YOUR OBJECTIVE => Without the pictures, output all of the data exactly.

PROVIDED DATA =>
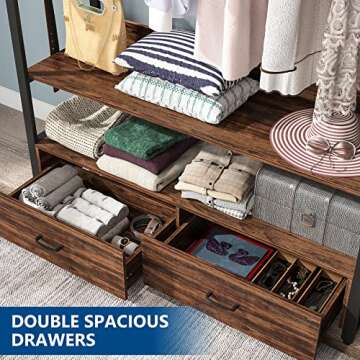 Tribesigns Freestanding Clothes Rack with 2 Drawers, Closet Organizer with Shelves and Hooks, Heavy Duty Garment Clothing Wardrobe Storage Shelving with Hanging Rod, Rustic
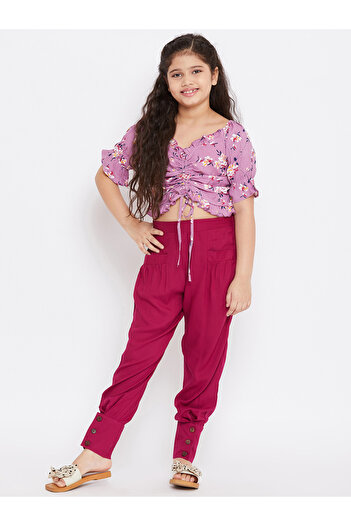 Stylo Bug By Styli Floral Print V-Neck Top and Pants Set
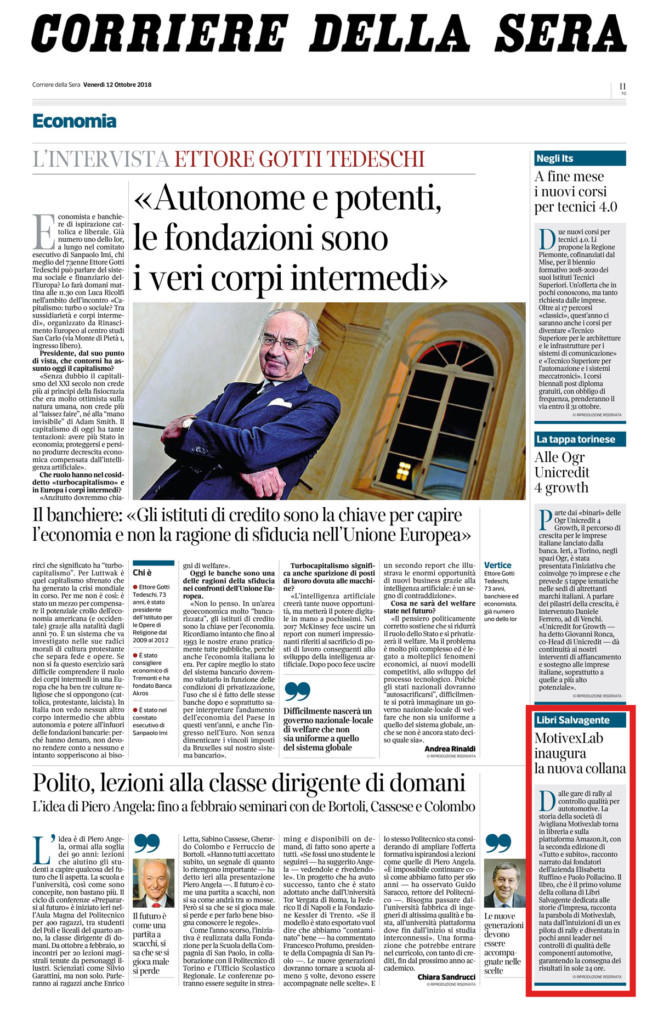 Il Corriere della Sera, 11 Febbraio 2018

WRITTEN RESPONSE =>
 Tribesigns Freestanding Clothes Rack with 2 Drawers, Closet Organizer with Shelves and Hooks, Heavy Duty Garment Clothing Wardrobe Storage Shelving with Hanging Rod, Rustic
 Stylo Bug By Styli Floral Print V-Neck Top and Pants Set
 Il Corriere della Sera, 11 Febbraio 2018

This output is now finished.